#### Task details
What you return should be the entries, unchanged, without their pictures.

#### Dataset excerpts
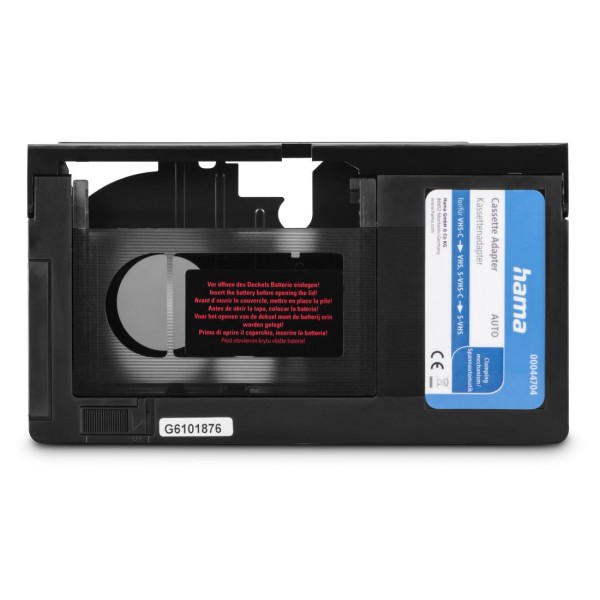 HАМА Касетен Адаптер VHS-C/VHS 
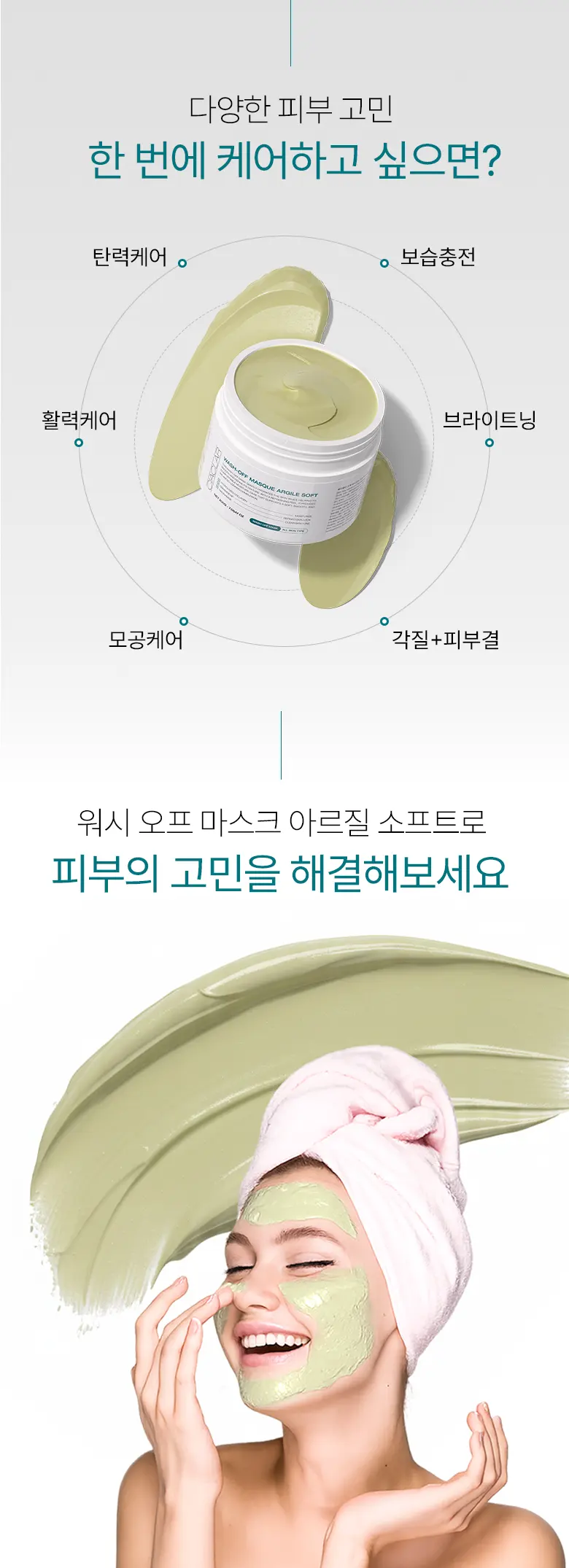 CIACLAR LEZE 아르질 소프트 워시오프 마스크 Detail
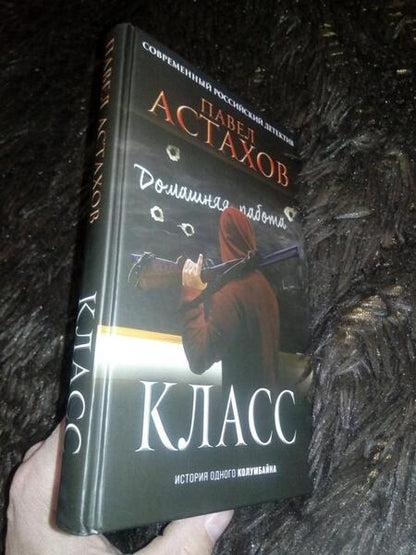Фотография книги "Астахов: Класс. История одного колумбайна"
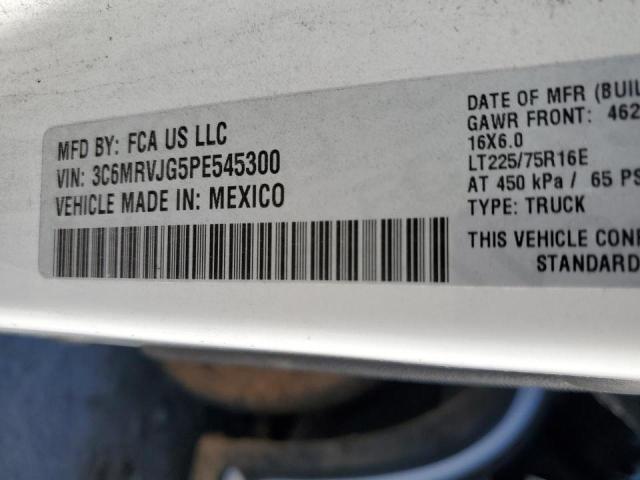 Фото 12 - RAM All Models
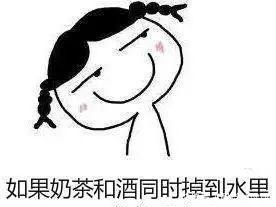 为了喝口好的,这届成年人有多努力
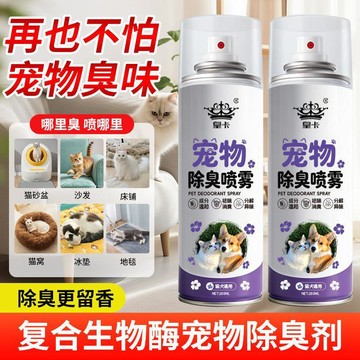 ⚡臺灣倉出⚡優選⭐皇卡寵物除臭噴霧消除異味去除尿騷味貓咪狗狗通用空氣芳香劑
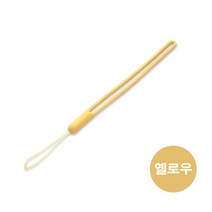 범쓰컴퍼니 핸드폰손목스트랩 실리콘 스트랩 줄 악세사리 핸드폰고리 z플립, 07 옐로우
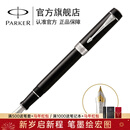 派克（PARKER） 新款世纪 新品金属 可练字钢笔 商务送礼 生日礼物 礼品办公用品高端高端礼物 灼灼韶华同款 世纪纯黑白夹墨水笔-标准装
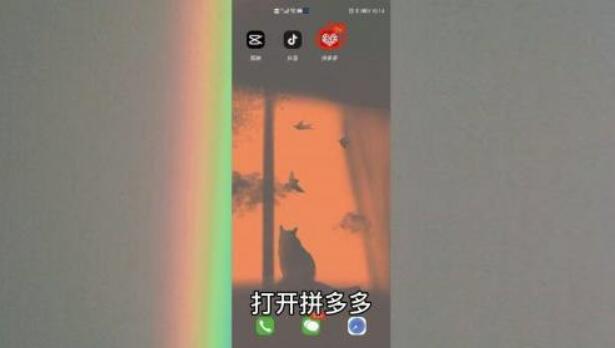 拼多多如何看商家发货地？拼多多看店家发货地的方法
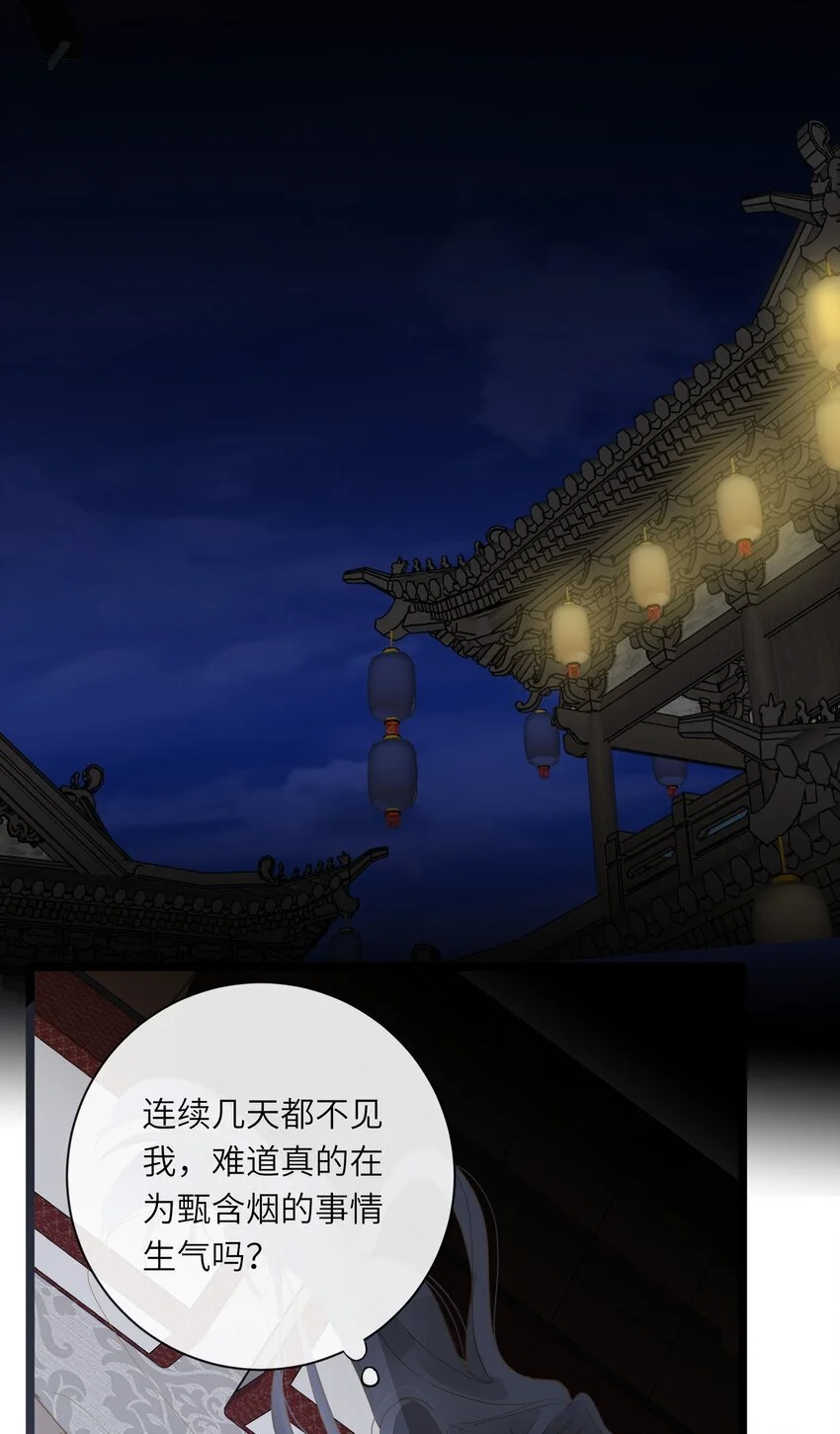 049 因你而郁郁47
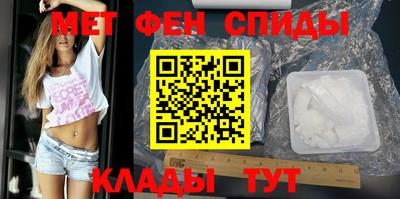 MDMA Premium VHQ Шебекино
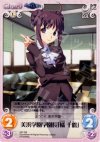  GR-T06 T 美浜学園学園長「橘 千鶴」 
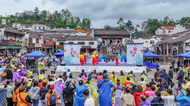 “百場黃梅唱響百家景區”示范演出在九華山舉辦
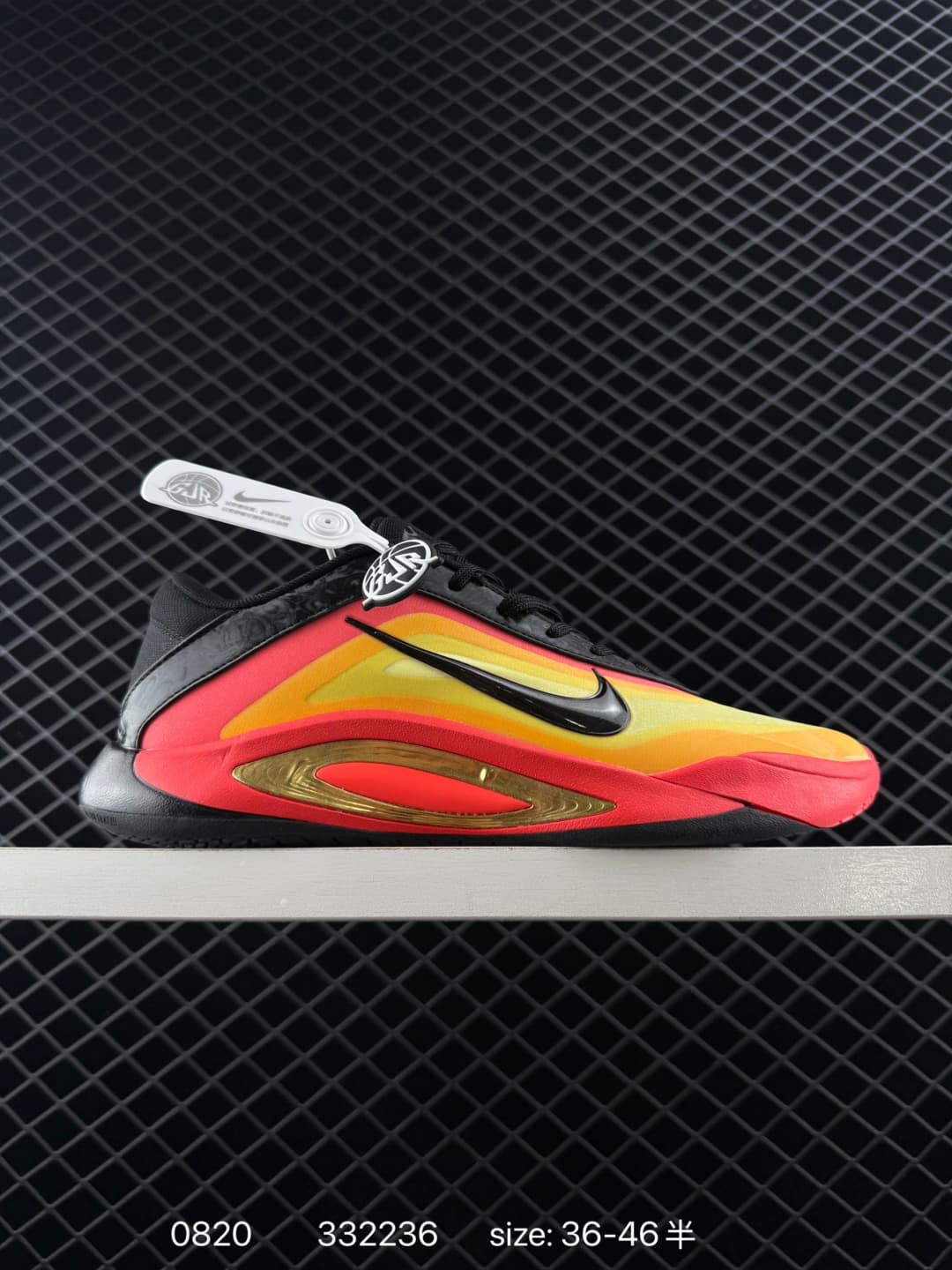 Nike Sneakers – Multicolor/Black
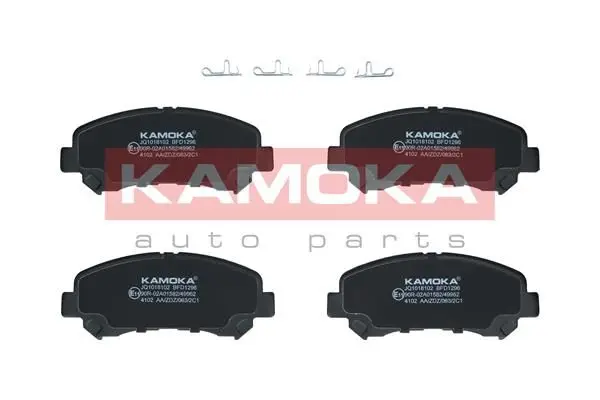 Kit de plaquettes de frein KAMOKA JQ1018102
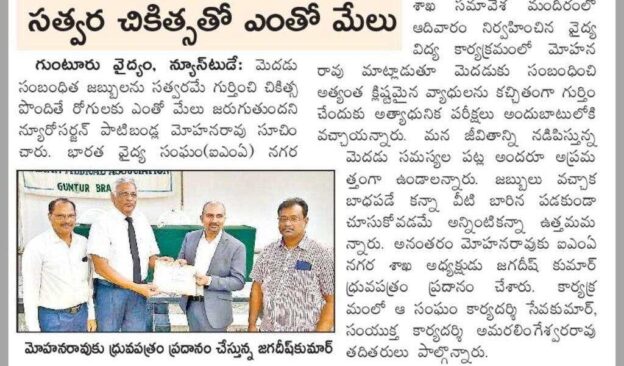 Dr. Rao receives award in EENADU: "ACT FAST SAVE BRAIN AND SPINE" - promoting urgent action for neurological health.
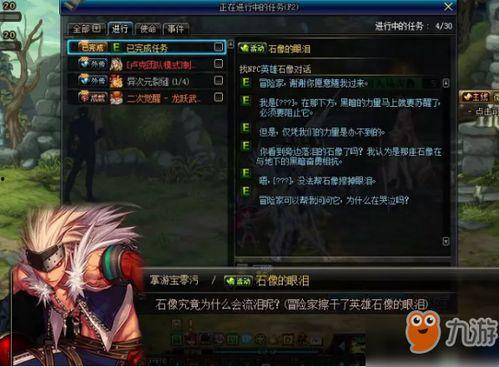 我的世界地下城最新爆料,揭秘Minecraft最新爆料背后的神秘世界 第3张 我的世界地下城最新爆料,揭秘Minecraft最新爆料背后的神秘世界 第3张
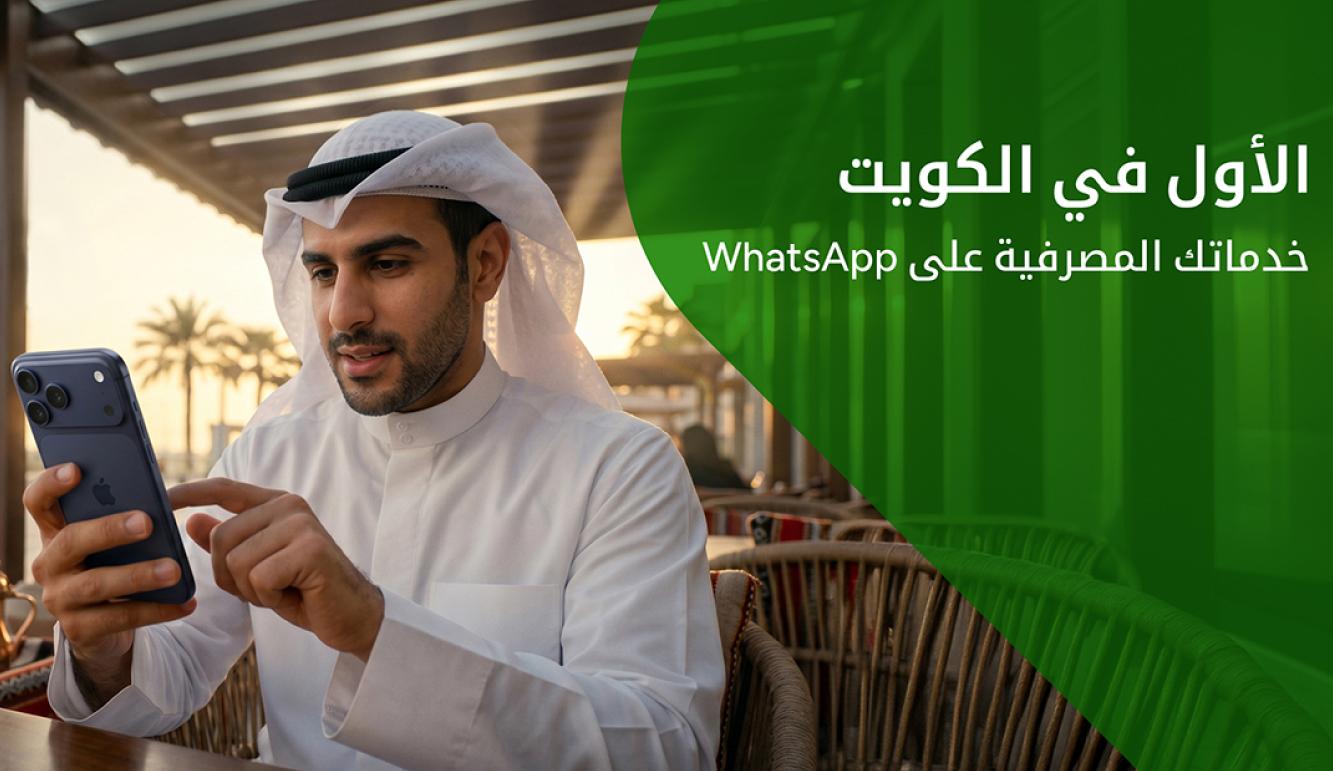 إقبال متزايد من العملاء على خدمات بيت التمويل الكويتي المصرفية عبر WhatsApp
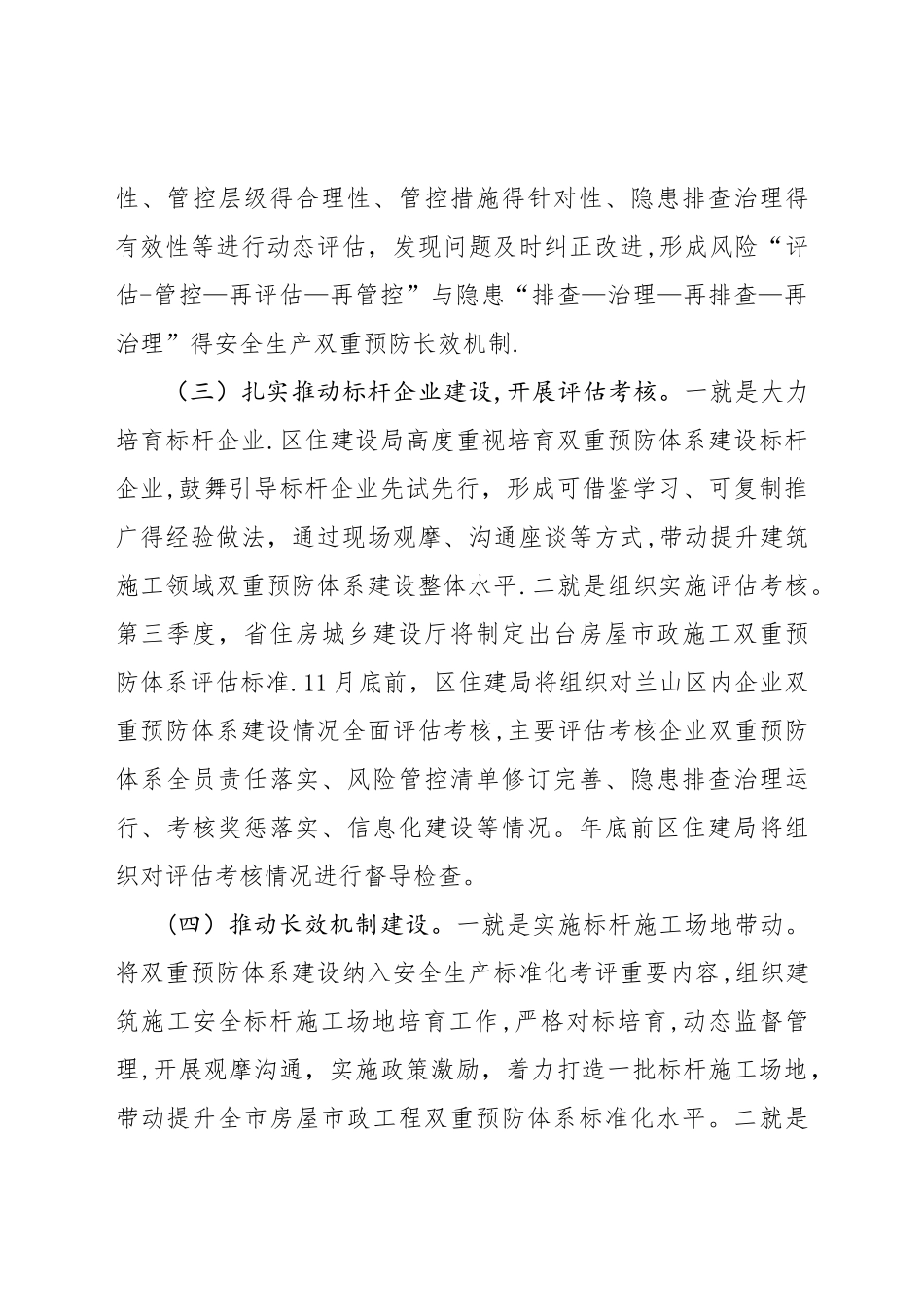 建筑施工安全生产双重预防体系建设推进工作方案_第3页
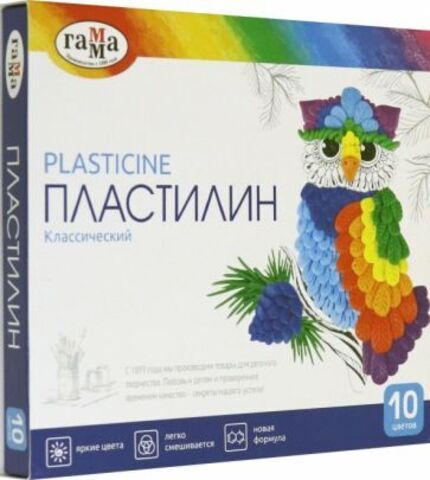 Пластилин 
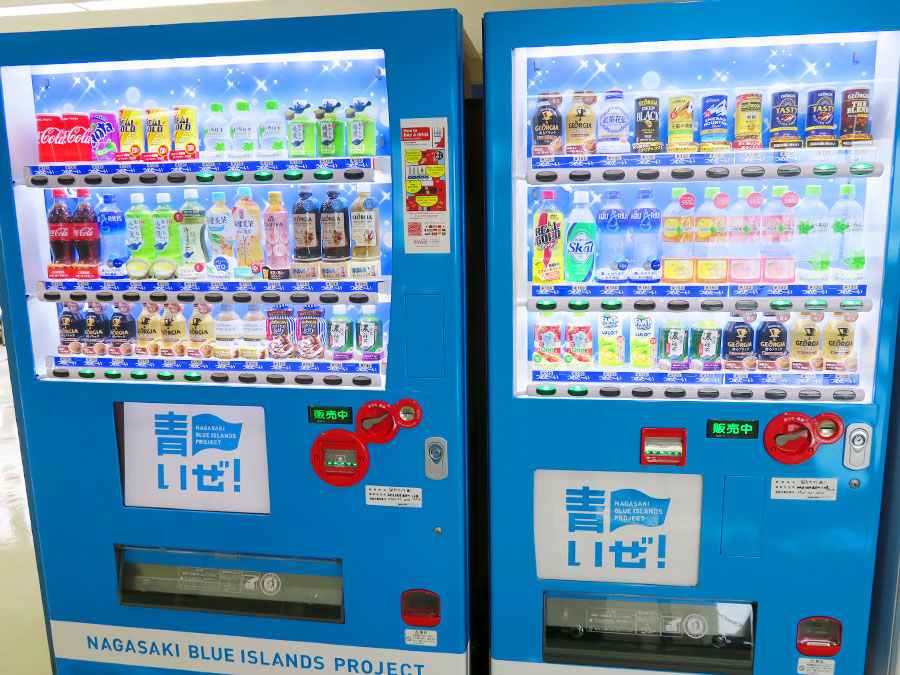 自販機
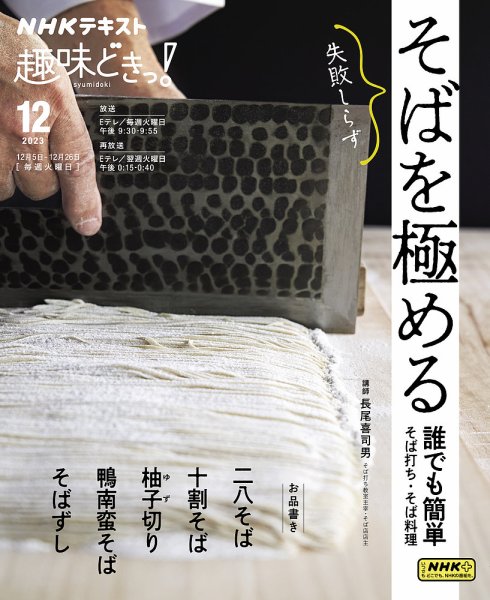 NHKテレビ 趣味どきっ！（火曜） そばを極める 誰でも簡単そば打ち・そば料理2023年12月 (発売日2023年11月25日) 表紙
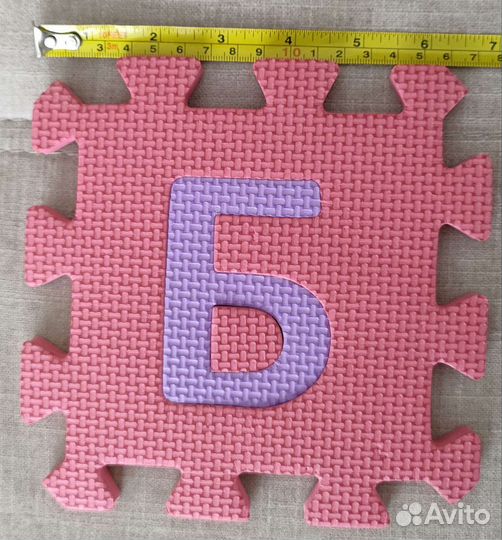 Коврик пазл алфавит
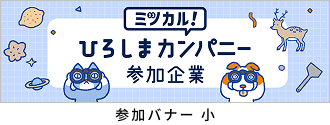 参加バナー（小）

#### Solution to this task
 HАМА Касетен Адаптер VHS-C/VHS 
 CIACLAR LEZE 아르질 소프트 워시오프 마스크 Detail
Фотография книги "Астахов: Класс. История одного колумбайна"
 Фото 12 - RAM All Models
 为了喝口好的,这届成年人有多努力
 ⚡臺灣倉出⚡優選⭐皇卡寵物除臭噴霧消除異味去除尿騷味貓咪狗狗通用空氣芳香劑
 범쓰컴퍼니 핸드폰손목스트랩 실리콘 스트랩 줄 악세사리 핸드폰고리 z플립, 07 옐로우
 派克（PARKER） 新款世纪 新品金属 可练字钢笔 商务送礼 生日礼物 礼品办公用品高端高端礼物 灼灼韶华同款 世纪纯黑白夹墨水笔-标准装
 拼多多如何看商家发货地？拼多多看店家发货地的方法
 049 因你而郁郁47
 MDMA Premium VHQ Шебекино
  GR-T06 T 美浜学園学園長「橘 千鶴」 
 “百場黃梅唱響百家景區”示范演出在九華山舉辦
 Nike Sneakers – Multicolor/Black
 Kit de plaquettes de frein KAMOKA JQ1018102
 Dr. Rao receives award in EENADU: "ACT FAST SAVE BRAIN AND SPINE" - promoting urgent action for neurological health.
 我的世界地下城最新爆料,揭秘Minecraft最新爆料背后的神秘世界 第3张 我的世界地下城最新爆料,揭秘Minecraft最新爆料背后的神秘世界 第3张
 إقبال متزايد من العملاء على خدمات بيت التمويل الكويتي المصرفية عبر WhatsApp
 建筑施工安全生产双重预防体系建设推进工作方案_第3页
 Пластилин 
 自販機
 NHKテレビ 趣味どきっ！（火曜） そばを極める 誰でも簡単そば打ち・そば料理2023年12月 (発売日2023年11月25日) 表紙
 Коврик пазл алфавит
 参加バナー（小）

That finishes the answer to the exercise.